Step 3: Upload sample models from local directory to a repository
Instance(Nodes)
Install the SDK and push the model repository.
pip install e2enetworks
Import the SDK and upload the model:
from e2enetworks.cloud import tir
model_repo_client = tir.Models()
model_repo = model_repo_client.create(name='test-triton', model_type='triton')
model_repo_client.push_model(model_path='./model-dir', prefix='', model_id=model_repo.id)
Local
Install the SDK:
pip install e2enetworks
Then, in a Python shell:
from e2enetworks.cloud import tir
tir.init(api_key="<your-api-key>", access_token="<your-access-token>")
model_repo_client = tir.Models()
model_repo = model_repo_client.create(name='test-triton', model_type='triton')
model_repo_client.push_model(model_path='./model-dir', prefix='', model_id=model_repo.id)
Step 4: Create a model endpoint to access the model over REST/gRPC
Dashboard
Use the Dashboard to create the endpoint:
- Go to Model Endpoints in Inference.
- Click Create Endpoint.
- Choose Nvidia Triton as the framework and click Continue.
- Select a GPU or CPU plan.
- Enter a name for your endpoint (optional).
- Select the model repository you uploaded in Step 3.
- Click Finish to launch the model endpoint server.
- Wait for the endpoint to reach Ready state.
Using SDK
You can also perform these steps using Python SDK in a Jupyter notebook or shell:
endpoint_client = tir.EndPoints()
endpoint = endpoint_client.create(endpoint_name='test-triton-simple', framework='triton', plan='CPU-C3-4-8GB-0', model_id=model_repo.id)
endpoint_client.get(id=endpoint.id)
Step 5: Use Triton client to call the model endpoint
Install Triton client:
pip install tritonclient[http]
Set authentication header and endpoint URL:
headers = {'Authorization': 'Bearer <your-auth-token>'}
endpoint_url = 'infer.e2enetworks.net/project/<project-id>/endpoint/<endpoint-id>/'
Run the following code to perform inference:
Click to expand code
import tritonclient.http as httpclient
from tritonclient.http import InferenceServerClient
import gevent.ssl as ssl
import numpy as np
triton_client = InferenceServerClient(
url=endpoint_url,
verbose=False,
ssl=True,
ssl_options={},
insecure=False,
ssl_context_factory=ssl.create_default_context,
)
model_name = "simple"
input0_data = np.arange(start=0, stop=16, dtype=np.int32)
input0_data = np.expand_dims(input0_data, axis=0)
input1_data = np.full(shape=(1, 16), fill_value=-1, dtype=np.int32)
inputs = []
outputs = []
inputs.append(httpclient.InferInput("INPUT0", [1, 16], "INT32"))
inputs.append(httpclient.InferInput("INPUT1", [1, 16], "INT32"))
inputs[0].set_data_from_numpy(input0_data, binary_data=False)
inputs[1].set_data_from_numpy(input1_data, binary_data=True)
outputs.append(httpclient.InferRequestedOutput("OUTPUT0", binary_data=True))
outputs.append(httpclient.InferRequestedOutput("OUTPUT1", binary_data=False))
query_params = {"test_1": 1, "test_2": 2}
results = triton_client.infer(
model_name,
inputs,
outputs=outputs,
query_params=query_params,
headers=headers,
)
print(results)
Troubleshooting and operations guide
Model updates
- Push updated model and configuration files to the repository.
- Restart the model endpoint.
It automatically reloads the new model when the container restarts.
Metrics and logging
Monitor resource usage (CPU/GPU, memory) and inference metrics like QPS, P99 latency, etc., through the dashboard.
Autoscaling
Configure autoscaling to scale replicas dynamically based on demand.
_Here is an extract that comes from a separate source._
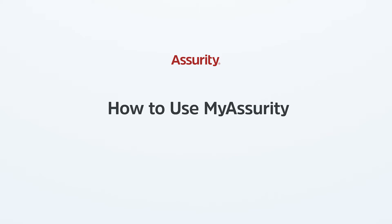Welcome to My Assurity. This quick walkthrough will show you how to navigate your online customer portal, whether you want to make a claim, make a payment on your policy, or complete other service requests related to your policy.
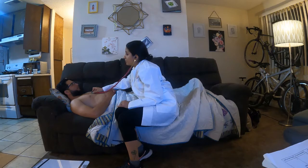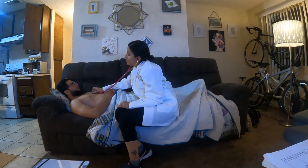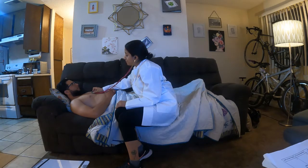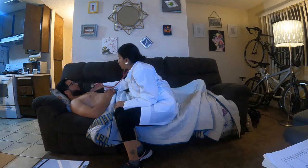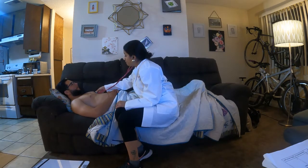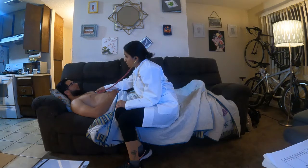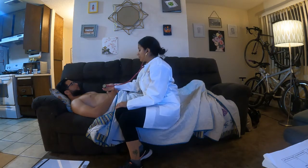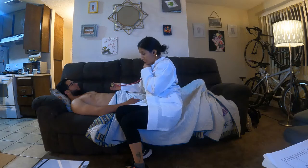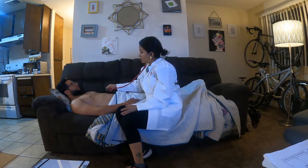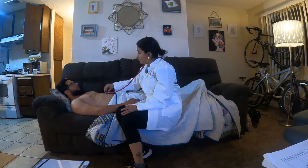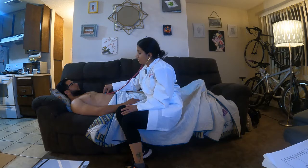I'm going to go down to the fourth intercostal space — the tricuspid area. Regular S1, S2, no murmurs noted. Then mid-clavicular line to the fifth intercostal space — the mitral area. S1, S2, no extra heart sounds, no murmurs. Now I'm going to auscultate the abdominal aorta, about two centimeters above the umbilicus. Listening with the diaphragm for bruits — none noted. I then switch to the bell for the abdominal aorta — no bruits noted.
Scaling depends on available resources.
Multi-model support
It supports running multiple models on a single GPU. Explicit per-endpoint model loading/unloading is not yet supported.
Frequently asked questions
Can I use Triton to deploy LLMs?
Yes. Use TensorRT-LLM or vLLM server.
Does Triton support batching and streaming?
Yes. Refer to Triton Client Examples for advanced use cases like async, streaming, and decoupled inference.